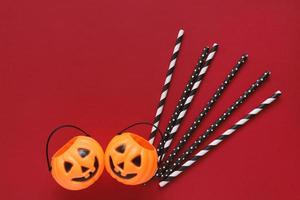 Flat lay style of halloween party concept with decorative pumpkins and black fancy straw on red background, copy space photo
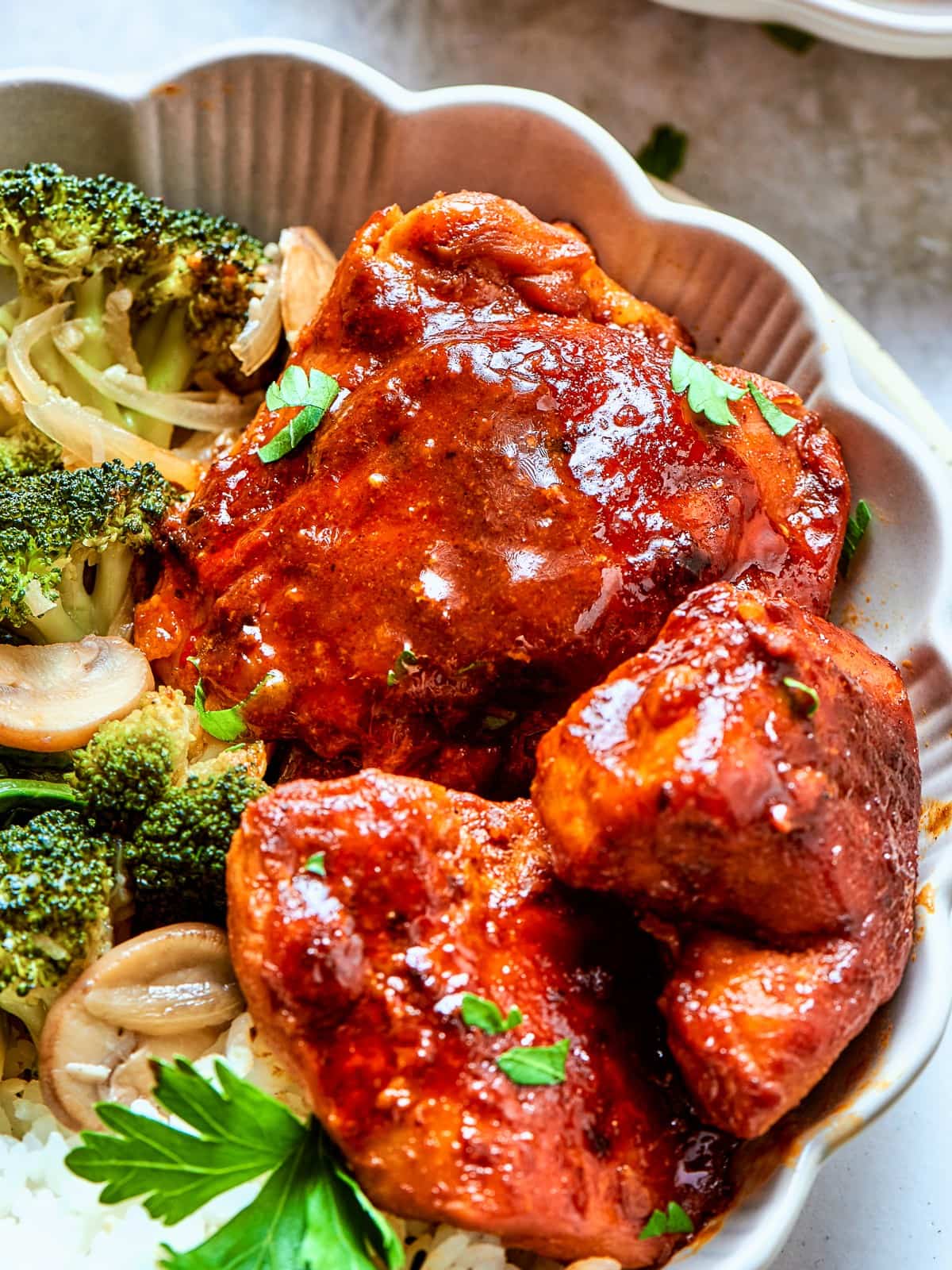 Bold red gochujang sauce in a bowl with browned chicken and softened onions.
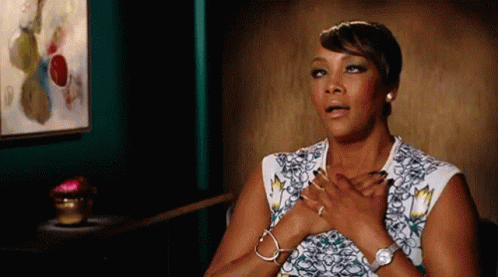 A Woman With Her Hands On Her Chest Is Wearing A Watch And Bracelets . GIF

[Task to complete]:
The listing above, line by line: print it exactly, but not its pictures.

[Response box]:
 Flat lay style of halloween party concept with decorative pumpkins and black fancy straw on red background, copy space photo
 Bold red gochujang sauce in a bowl with browned chicken and softened onions.
 A Woman With Her Hands On Her Chest Is Wearing A Watch And Bracelets . GIF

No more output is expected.